What @DownByTheRiver said about the hands during PIV is on point. I was just asking my wife about this because last night she stopped me and took over. I was pretty intoxicated so apparently I was doing it terrible. She had hers then she said I said “No...” or something and I don’t even remember what happened. We’re having coffee outside and laughing. Point is that like she said sometimes you’re just crap and your wife can take care of things way more efficiently.


----------



## DownByTheRiver (Jul 2, 2020)

ccpowerslave said:


> What @DownByTheRiver said about the hands during PIV is on point. I was just asking my wife about this because last night she stopped me and took over. I was pretty intoxicated so apparently I was doing it terrible. She had hers then she said I said “No...” or something and I don’t even remember what happened. We’re having coffee outside and laughing. Point is that like she said sometimes you’re just crap and your wife can take care of things way more efficiently.

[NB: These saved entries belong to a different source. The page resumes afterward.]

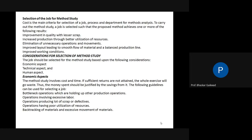Selection of the job by method study — which points to consider while selecting a job. Suppose you want to apply method study principles in an industry. The first point: cost is the main criteria for selection. If the cost of manufacturing is more, concentrate on that process first. In an industry with forming, machining, and casting processes, which process is the costliest? That is the first criteria for selecting a job.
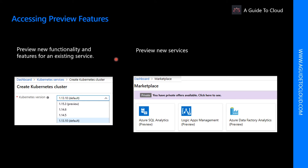Azure Feature Previews are available with their own terms and conditions. The terms and conditions are specific to each Azure Preview. All preview-specific terms and conditions supplement your existing Azure service agreement. Some Previews aren't covered by customer support at all.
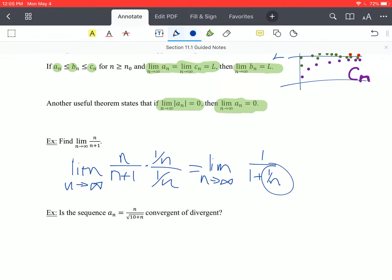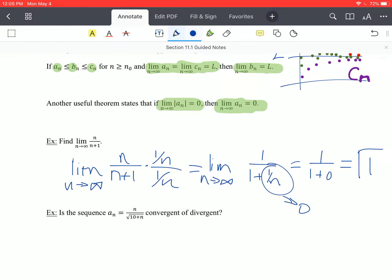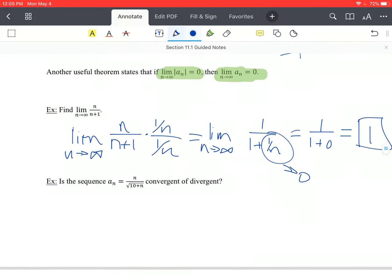Dividing top and bottom by n gives us 1 over 1 plus 1 over n. This term in the denominator is going to head to 0 as n goes towards infinity, because if the denominator is infinitely large, the whole thing gets closer to 0. So that gives us 1 over 1 plus 0, which is just 1 — exactly what we thought. The sequence converges.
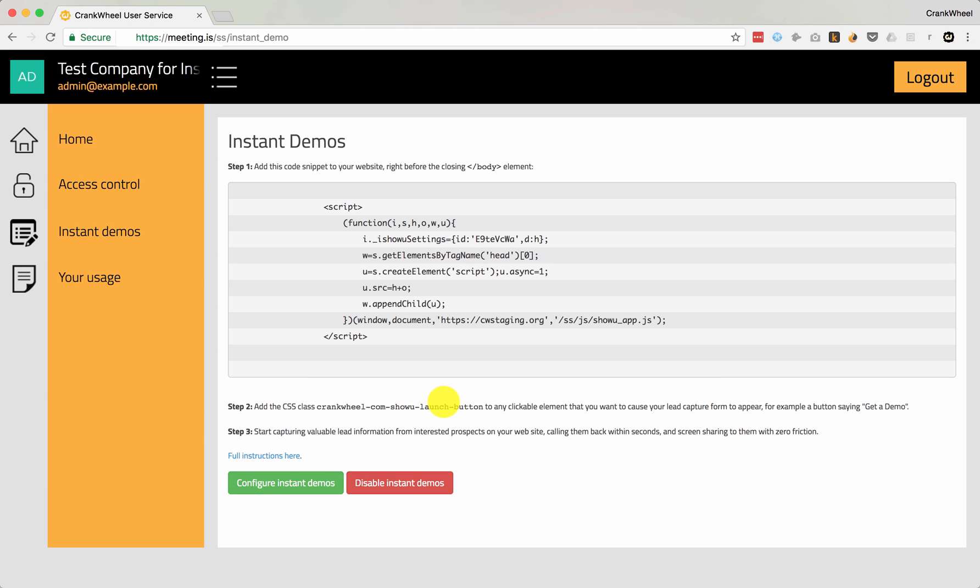It's also possible to use Google Tag Manager to place the JavaScript snippet on your site. Once you publish the new version of your website, you should be able to click one of the buttons that you attached to instant demos and initiate the instant demo process from there, similar to what you saw earlier.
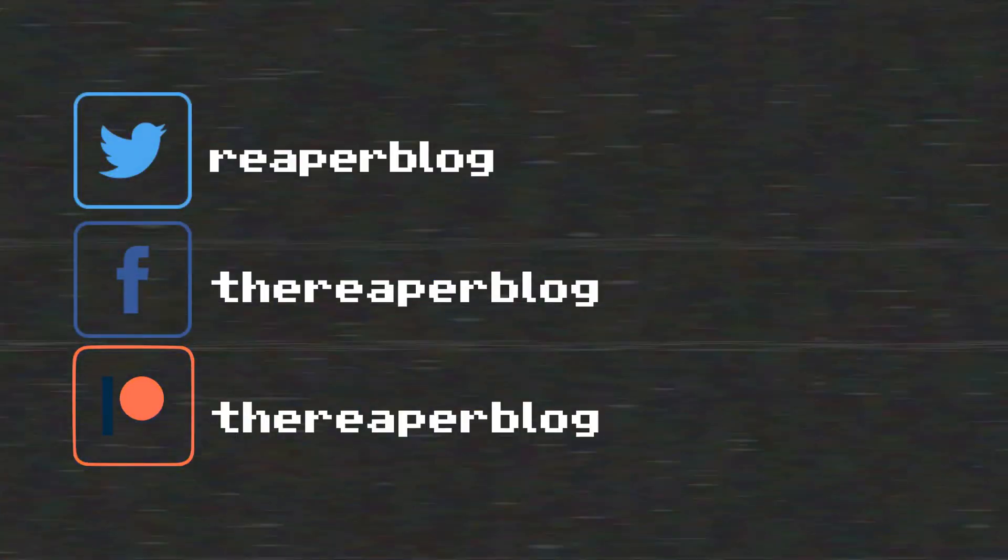You can follow me on Facebook and Twitter, support the Reaper blog through Patreon, and visit reaperblog.net for a lot more tutorials. I'll see you. Bye.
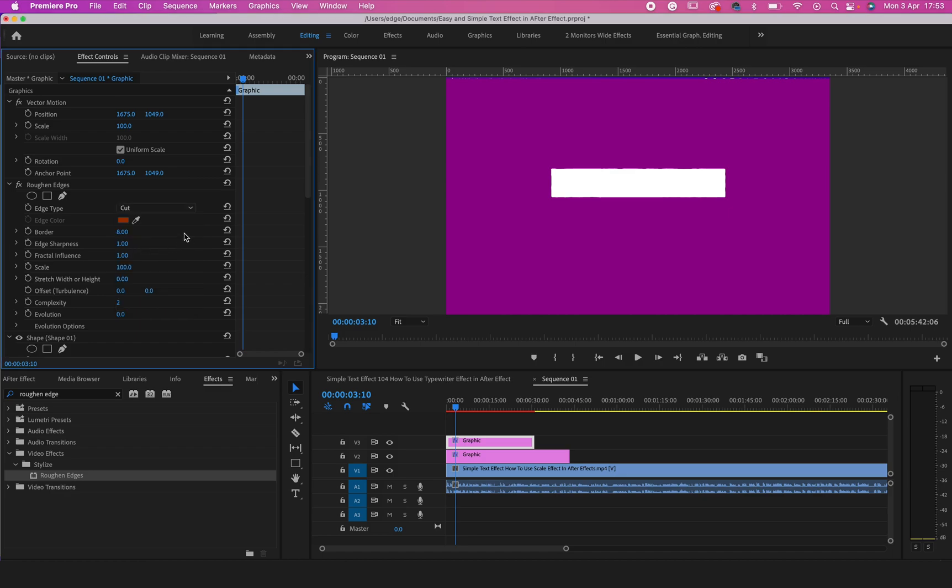So now what we need to do is increase the Border. Then you can as well increase the Edge Sharpness. Let's increase it down to like, let's say, 30.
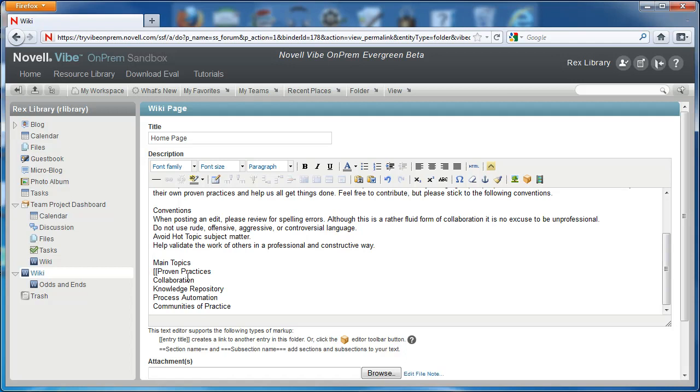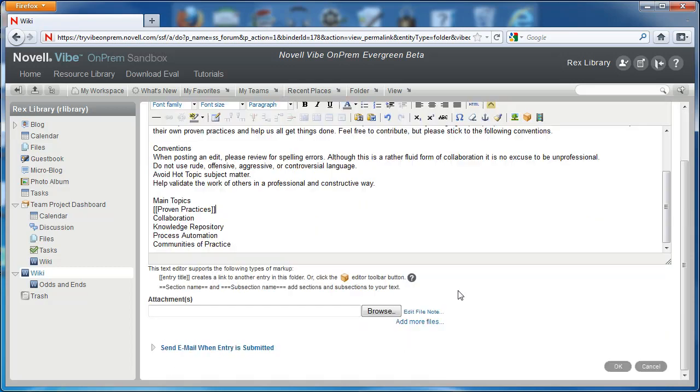This will tell Vibe to go to that page when the text is clicked. So we'll surround Proven Practices in double square brackets, and then we'll select OK to save our changes.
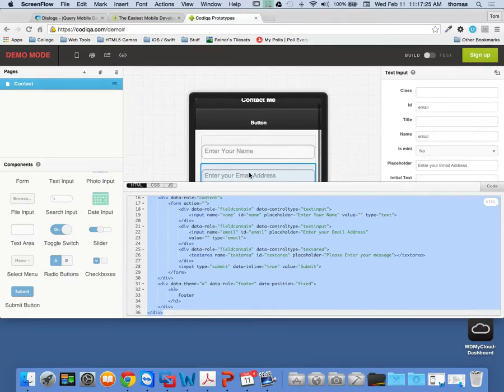Okay, we're back. It's COP308, Week 6, Lesson 6, Part 3.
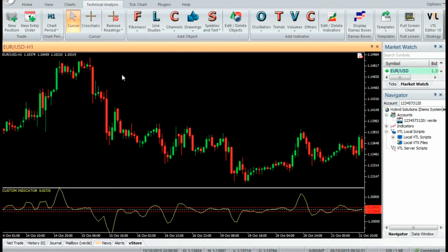Using Kaufman's smoothing coefficients, we smooth the cumulative volatility and derive the Comma Reversal Indicator.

Yeah. Sex is a hit-or-miss operation. No one is psychic. So either you get good communication and try to work out the sequence, which is pretty much a sure kill if done in the middle of it, or you improvise. For me, I got to the point if the guy was doing foreplay and then stopped leaving me high and dry -- and I have to say this was usually the case -- while he got busy, I put my hand down there and got myself off. I mean, of course, you like it if a man has three hands, but I've only met one who seemed to.


----------



## My Monsters (Mar 13, 2021)

Joe,
Let me tell you about a 50+ year old women...she has a sex drive of a 20year old male. Best joke God ever made....😕....women in their 50+ love sex and can be pretty kinky. If she is normally shy or old fashioned, try going to the book store and getting some books on how to please a women, read them when she’s around and leave them around so she can peak at them. Tell her all the things your learning about...it will start your communications. Have fun trying to keep up with your girl once she starts learning her kinky side. By the way slowing it down in for play will definitely make for a amazing O!!!


----------